Minister of Tribal Affairs, Government of West Bengal
- In office 2006–2011

Member of the West Bengal Legislative Assembly
- In office 1996–2001
- Constituency: Ranibandh
- In office 2006–2016
- Preceded by: Makar Tudu
- Succeeded by: Jyotsna Mandi
- Constituency: Ranibandh

Personal details
- Party: Communist Party of India (Marxist)

= Deblina Hembram =

Indian politician

Deblina Hembram is an Indian Politician from West Bengal and a central committee member of Communist Party of India (Marxist). She was the Minister for Tribal Affairs in the 2006-11 Left Front Ministry.

== Personal life and education ==
Deblina Hembram is married to Suklal Hembram. She completed her 10th standard in 1988 from Baddi High School, affiliated with West Bengal Board of Secondary Education.

== Political career ==
Deblina Hembram is a three time MLA from Ranibandh Assembly Constituency. This is a reserved constituency for Scheduled Tribes. She has won from here in 1996, 2006 and 2011 West Bengal Assembly elections. She had to face Anil Hansda of Congress Party in her debut election in Ranibandh and marked a huge victory with a margin of 32,409 votes. In 2006 election she defeated Aditya Kisku of JKP(N) by 10,890 votes. In 2011 assembly elections she defeated Falguni Hembram of All India Trinamool Congress by 6,859 votes.

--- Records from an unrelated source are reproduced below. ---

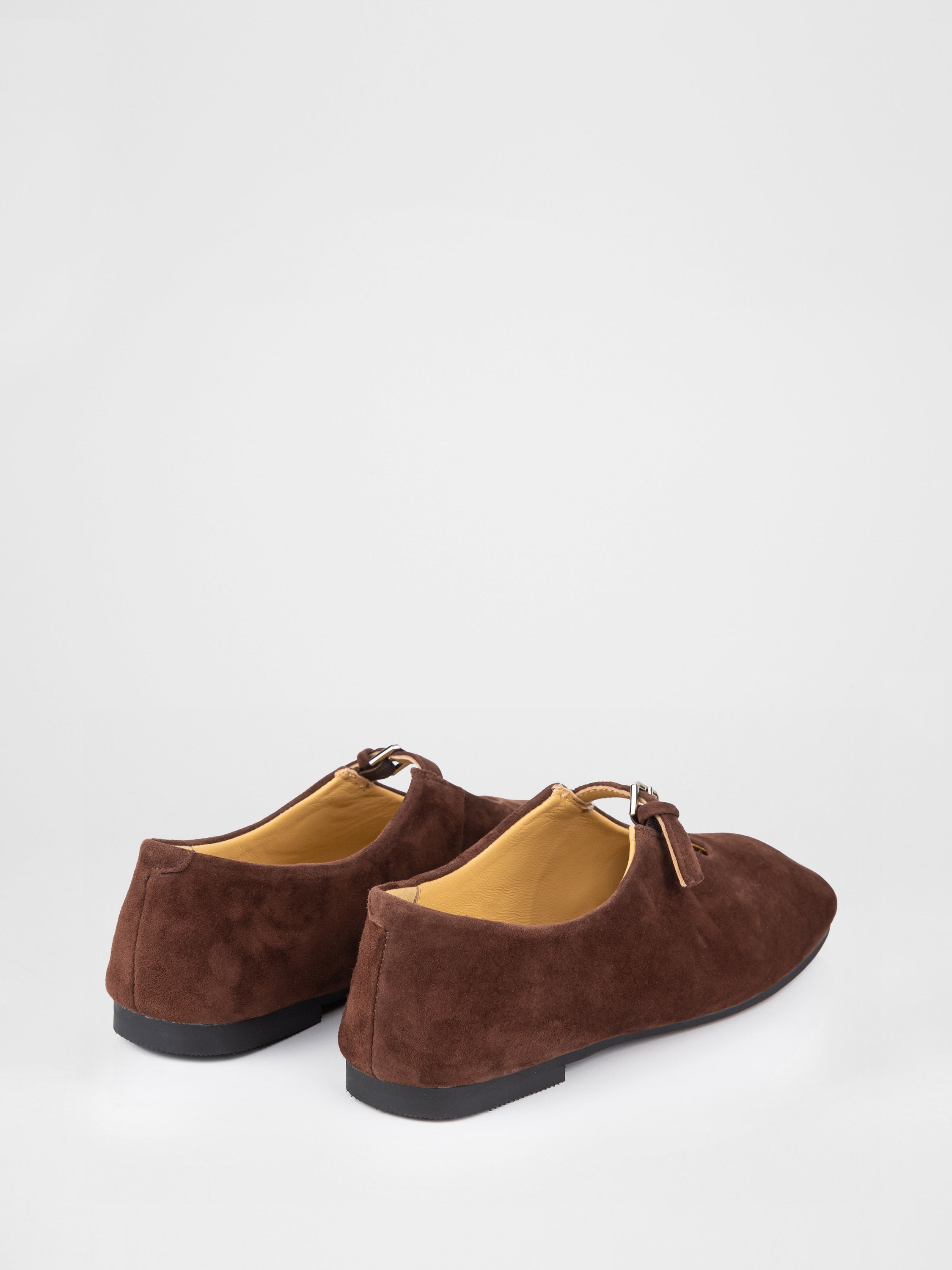 Chocolate-colored Mary Jane ballet flats made of genuine suede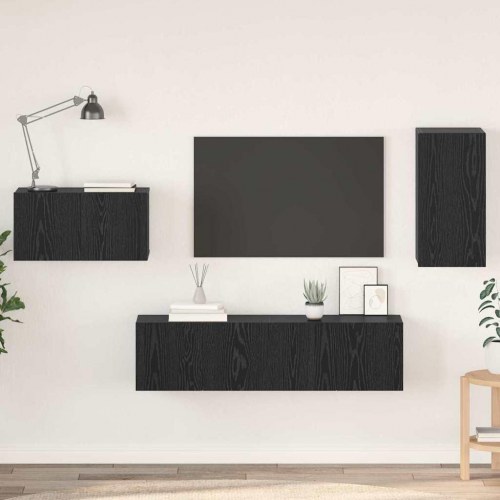 TV-møbelsæt 4 stk Sort eg 30.5 x 30 x 60 cm Konstrueret træ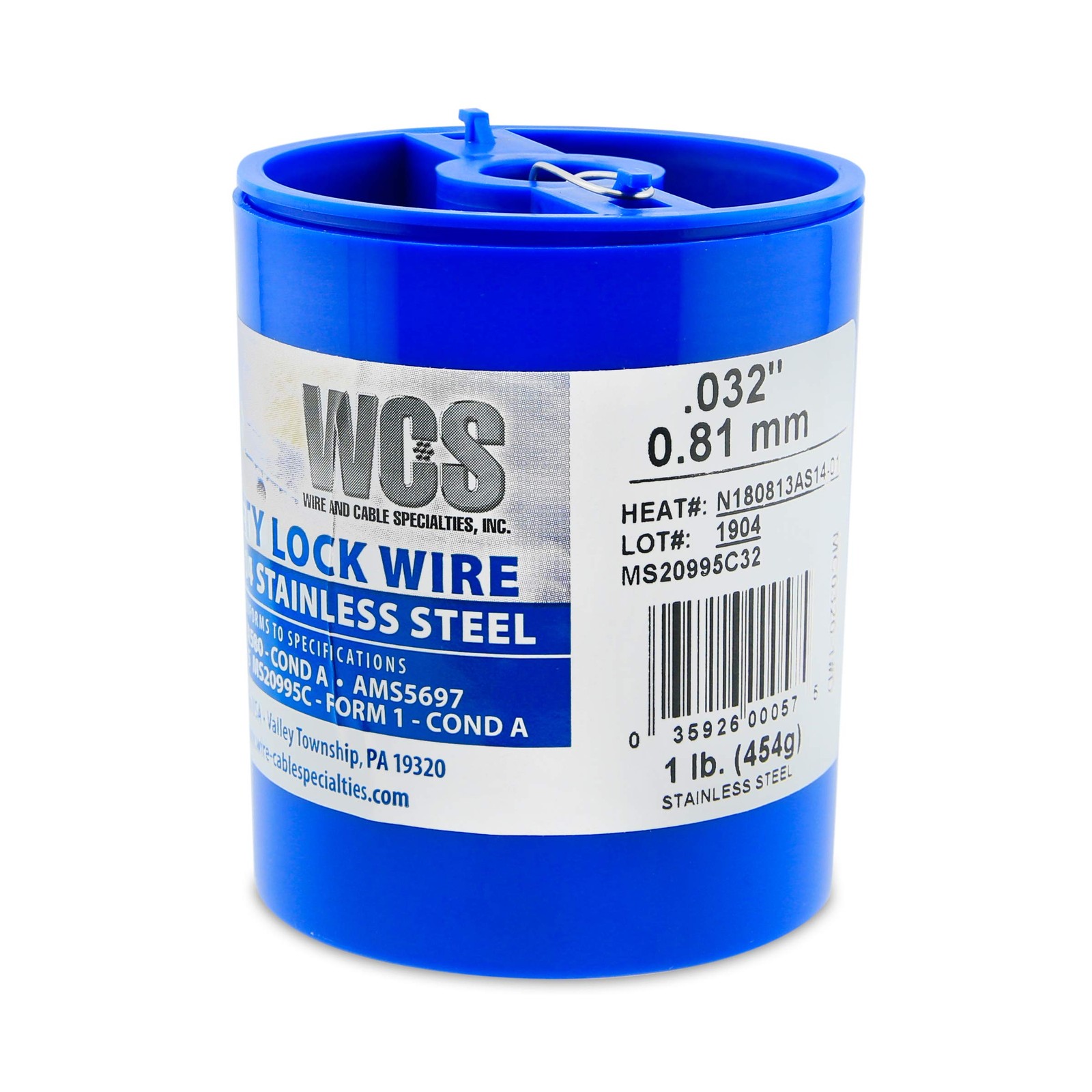 Lock Wire T302/304 Stainless NASM20995 MS20995C 0.032 Inch 1 lb 362 ft Dispense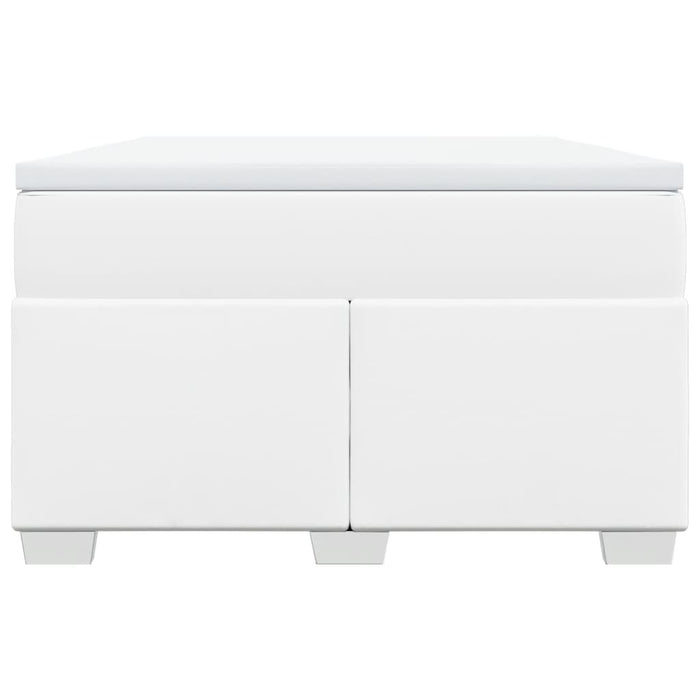 Pat box spring cu saltea, alb, 120x200 cm, piele ecologică - WALTI WALTI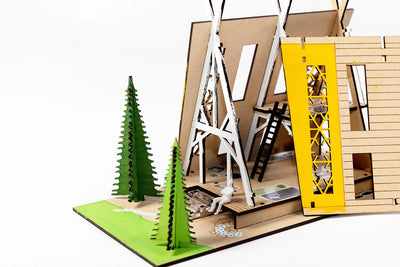 evergreen cabin stix+brix architecture kits for kids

=== Assembly Elections ===

1996 West Bengal Assembly Election RANIBANDH (ST)
| Candidate name | Political Party | Votes Polled | Percentage of Votes | Margin of Victory |
|---|---|---|---|---|
| Deblina Hembram | CPI(M) | 58,474 | 55.86% | 32,409 Votes |
| Anil Hansda | Indian National Congress | 26,065 | 24.90% |  |
| Jagannath Tudu | JKP(N) | 7,607 | 7.27% |  |
| Tudu Milan | JMM | 7,263 | 6.94% |  |
| Basen Hansda | BJP | 5,098 | 4.87% |  |
| Raghunath Tudu | Independent | 174 | 0.17% |  |

2006 West Bengal Assembly Election RANIBANDH (ST)
| Candidate name | Political Party | Votes Polled | Percentage of Votes | Margin of Victory |
|---|---|---|---|---|
| Deblina Hembram | CPI(M) | 52,827 | 45.34% | 10,890 Votes |
| Aditya Kisku | JKP(N) | 41,937 | 35.88% |  |
| Mayana Saren | Indian National Congress | 13,291 | 11.39% |  |
| Ramakrishna Mudi | Independent | 3,608 | 3.09% |  |
| Jaleswar Saren | BSP | 3,019 | 2.59% |  |
| Biswanath Mandi | JDP | 1,806 | 1.55% |  |

2011 West Bengal Assembly Election RANIBANDH (ST)
| Candidate name | Political Party | Votes Polled | Percentage of Votes | Margin of Victory |
|---|---|---|---|---|
| Deblina Hembram | CPI(M) | 75,388 | 44.25% | 6,859 Votes |
| Falguni Hembram | All India Trinamool Congress | 68,529 | 40.22% |  |
| Aditya Kisku | JHAP | 10,950 | 6.43% |  |
| Lakshmi Kanta Sardar | BJP | 6,447 | 3.78% |  |
| Biswanath Tudu | Independent | 5,407 | 3.17% |  |
| Sudhir Kumar Murmu | CPI(ML)(L) | 2,580 | 1.51% |  |
| Krishnapada Mandi | JVM | 1,071 | 0.63% |  |

- On 11 December 2012, Deblina Hembram was assaulted by Trinamool Congress legislators inside West Bengal state assembly for speaking up against the chit fund racket scam of ruling party. She was pinned down to the floor and then beaten up by male Trinamool Congress legislators and was immediately hospitalised.
- Deblina Hembram's speech (in her Mother tongue Santhali) against Trinamool Congress at Brigade Parade Ground, Kolkata in February 2019 became an internet sensation.
- She was the candidate of CPI(M) from Jhargram Lok Sabha constituency in 2019 parliament election. She lost the election to Kunar Hembram of Bharatiya Janata Party.

=== Organisational Leadership ===

- In 33rd conference of All India Kisan Sabha she was elected to the All India Kisan Council.
- National Vice President of All India Democratic Women's Association.